During his parliamentary career, Skinner was suspended from Parliament on at least ten occasions, usually for using unparliamentary language when attacking opponents. He was also known for regularly heckling upon the arrival of Black Rod in the House of Commons chamber during the State Opening of Parliament. During most of his tenure in the Commons (in the years when the Labour Party were in opposition), Skinner would usually sit on the first seat of the front bench below the gangway in the Commons in a tweed jacket and signature red tie. During the New Labour government from 1997 to 2010, Skinner sat in the equivalent spot on the government benches.

==Early life and career==
Born in Clay Cross, Derbyshire, Skinner is the third of nine children. His father Edward Skinner was a coal miner who was sacked after the 1926 general strike, and his mother Lucy was a cleaner. In June 1942, at the age of 10, Skinner won a scholarship to attend Tupton Hall Grammar School after passing the eleven-plus a year early. In 1949, he went on to work as a coal miner at Parkhouse colliery, working there until its closure in 1962. He then worked at Glapwell colliery near Bolsover. In 1956 Skinner entered the Sheffield Star Walk, an amateur walking race, and finished second.
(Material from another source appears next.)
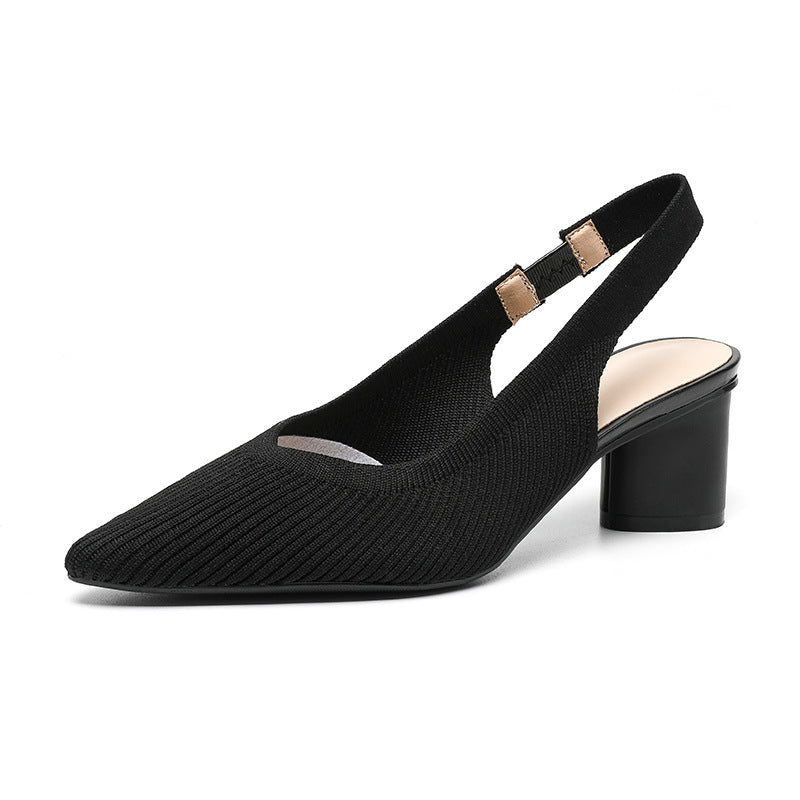 Knitted Pointed-Toe Chunky Heel Sandals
In 1966, Skinner became the youngest-ever president of the Derbyshire region of the National Union of Mineworkers. After working for 20 years as a miner, he became a member of Derbyshire County Council and a Clay Cross councillor in the 1960s. As chairman of the Clay Cross Council, Skinner was noted for his decision not to wear the traditional council dress and gold chain: "My conscience would not permit me to wear it, because I believe ... all the pomp and ceremony attached to local government [and] Parliament is outdated and a waste of time". In 1967, he attended Ruskin College, after completing a course run by the National Union of Mineworkers at the University of Sheffield. Skinner resigned from the colliery and the Derbyshire Miners' Union shortly after his election to parliament in June 1970.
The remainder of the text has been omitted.